The reader should set down exactly the lines from the one containing "Portadocumentos Bubba Bags" through the last line of the material, omitting every picture.

- SUPPLIED DATA
━━━━━━━━━━━━━━━━━━━━━━━━━━━━━━

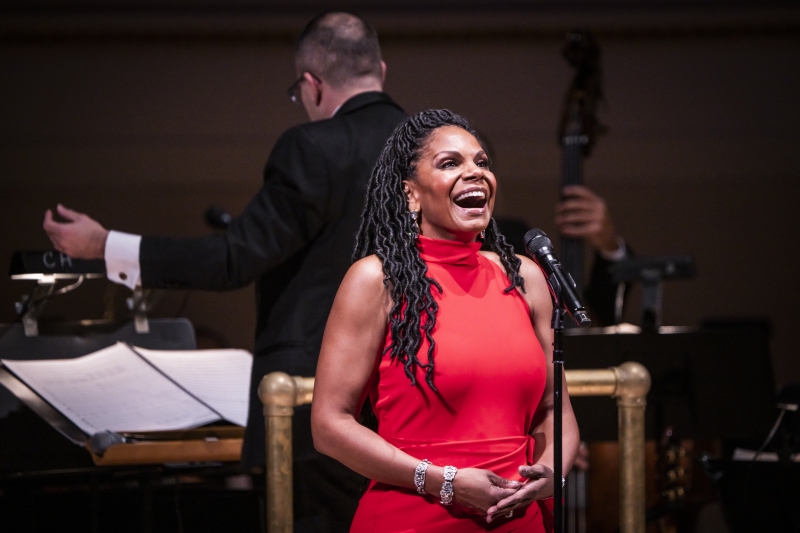 Review: AUDRA MCDONALD Gives Grace And Has Fun At Carnegie Hall Image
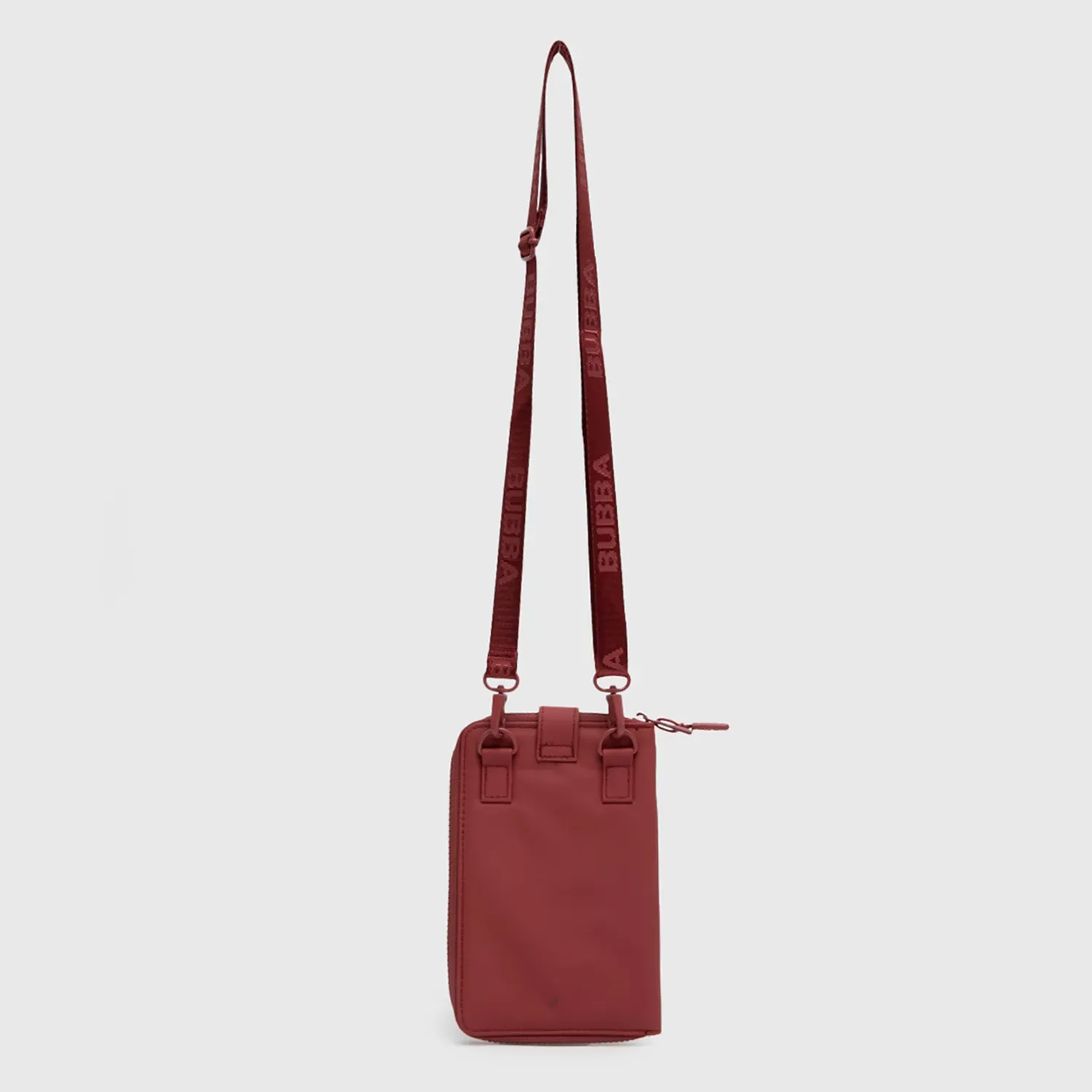 Portadocumentos Bubba Bags Mujer Travel color rojo | Platanitos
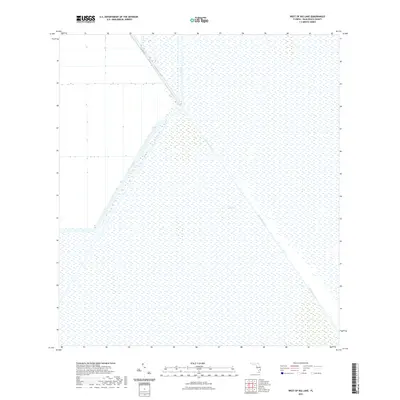 2021 Map of West of Big Lake, 2021 Print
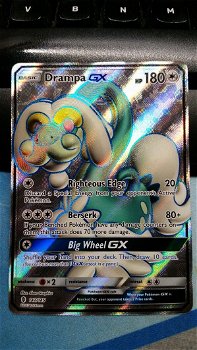 Drampa-GX (Full Art) 142/145 SM Guardians Rising - 0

━━━━━━━━━━━━━━━━━━━━━━━━━━━━━━

- EXERCISE RESPONSE
 Portadocumentos Bubba Bags Mujer Travel color rojo | Platanitos
 2021 Map of West of Big Lake, 2021 Print
 Drampa-GX (Full Art) 142/145 SM Guardians Rising - 0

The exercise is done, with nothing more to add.